Internet and media sources were buzzing with this all week, wondering what would happen. Would US citizens break the travel industry and finally show their true spirit? 100,000s of people online claimed they would indeed opt out, and make their demands known. But what happened on the official day? Big surprise . . . nothing. You couldn’t even take this little inconsequential step towards making a stand. A step that required nothing from you other than 3 words. You weren’t asked to riot, protest, take a precious day off work, or do anything that would put you at risk in the slightest. All you had to do was let the government know that you weren’t going to let them see you naked. For reasons I cannot understand, you couldn’t do it. Everyone talked a big game from their computer, but when put in a place where you had to take minimal action, you failed.

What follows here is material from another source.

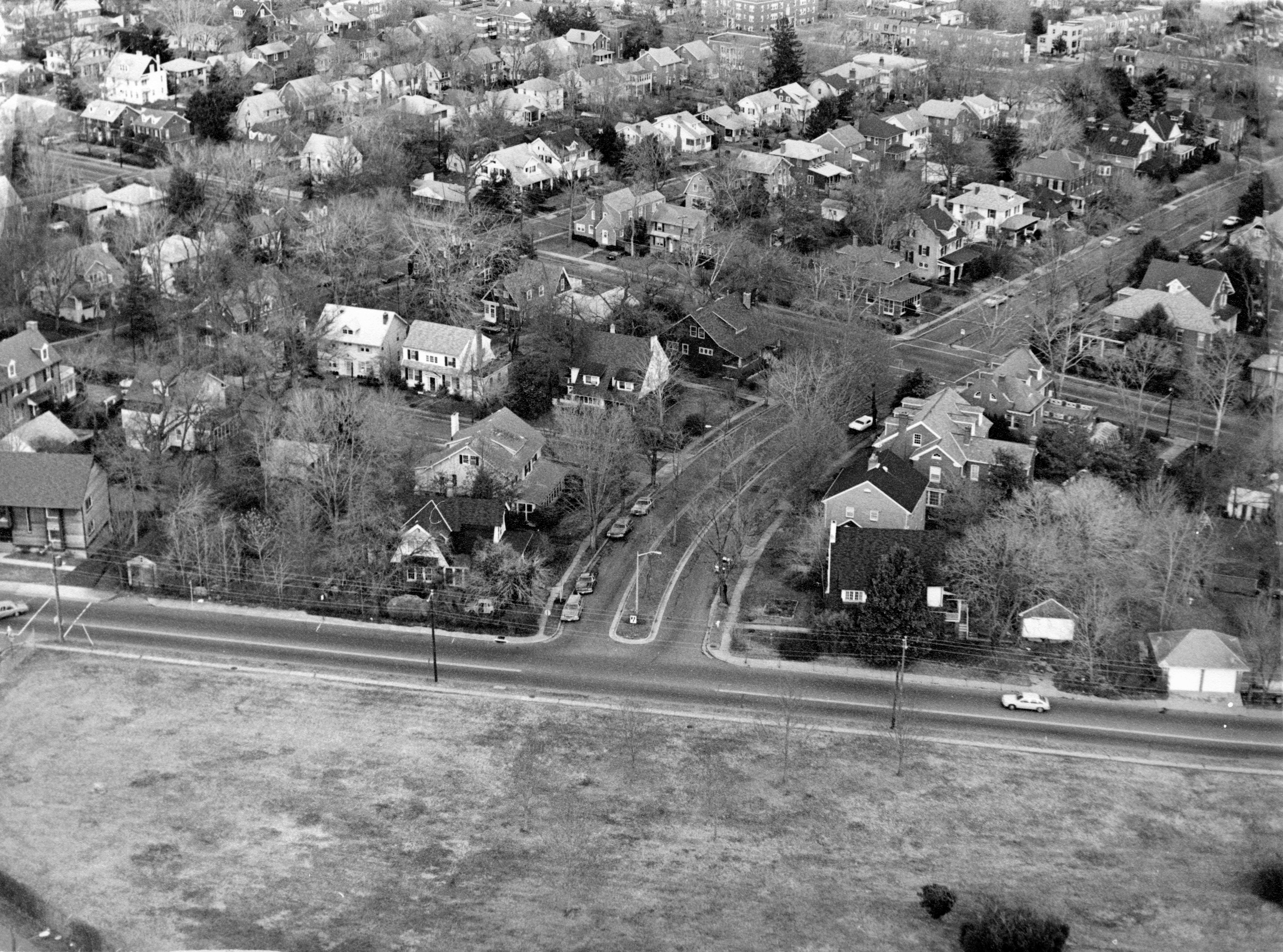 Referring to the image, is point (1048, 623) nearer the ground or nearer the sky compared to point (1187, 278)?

Of course there’s the story that the TSA caved, and shut down its body scanners for Holiday travel, robbing the people of their victory on Opt-Out-Day. But what about the day after Thanksgiving? What about the day after that? How about yesterday, today, or tomorrow? These scanners are in action as we speak, as are the “enhanced pat-downs.” Meanwhile the American people continue along, accepting these repeated violations, while doing absolutely nothing about it. You don’t need national Opt-Out-Day to take a stand here. Any day that someone tries to violate your personal privacy is your day to do something. Or any day you see it happening to someone else for that matter.

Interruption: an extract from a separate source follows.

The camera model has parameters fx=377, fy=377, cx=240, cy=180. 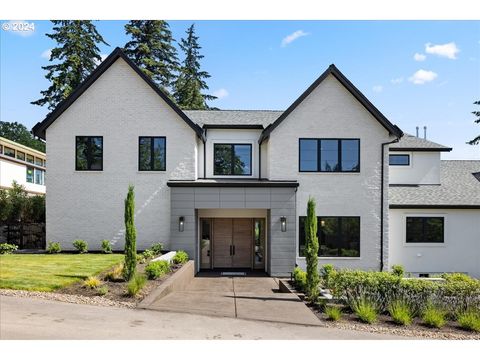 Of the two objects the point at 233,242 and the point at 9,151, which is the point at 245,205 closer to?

This so called “revolt” is just another example of how pathetic the American people have become with regard to confronting authority. And if airport violations aren’t enough for you to care about, then get ready, as Janet Napolitano has made it clear that the groping and scanning is slated for the American streets. Naturally, it will start at Federal buildings and major public events, and then slowly but surely find its way onto buses, trains, at highway checkpoints, etc. It seems that these checkpoints have actually already begun.
Perhaps that will be enough to get a rise out of the American population, not that I’m really holding out much hope these days. Somehow you can fight tooth-and-nail for a $199 flat screen TV on Black Friday, beating your fellow citizens senseless for something you don’t even need. However, when it comes time to protecting your civil liberties, which you truly do need, you won’t even open your mouth to voice some opposition. And I thought the priorities of the government were screwed up.
After witnessing these disgusting displays by the American people, I think it’s time to bid adieu to this country. I can’t stand what the government has become, but what’s even harder to stand is what has happened to the people. I hope you all wake up one day and take a stand; I promise I’ll be the first one back as soon as that happens. Until then, enjoy having your genitalia fondled, I’m sure cavity searches are around the corner . . . we just need the “sphincter bomber” to strike first.
Note: This is not offensive violence I am giving examples of, or endorsing; this is defensive resistance to crimes committed by unbridled governments.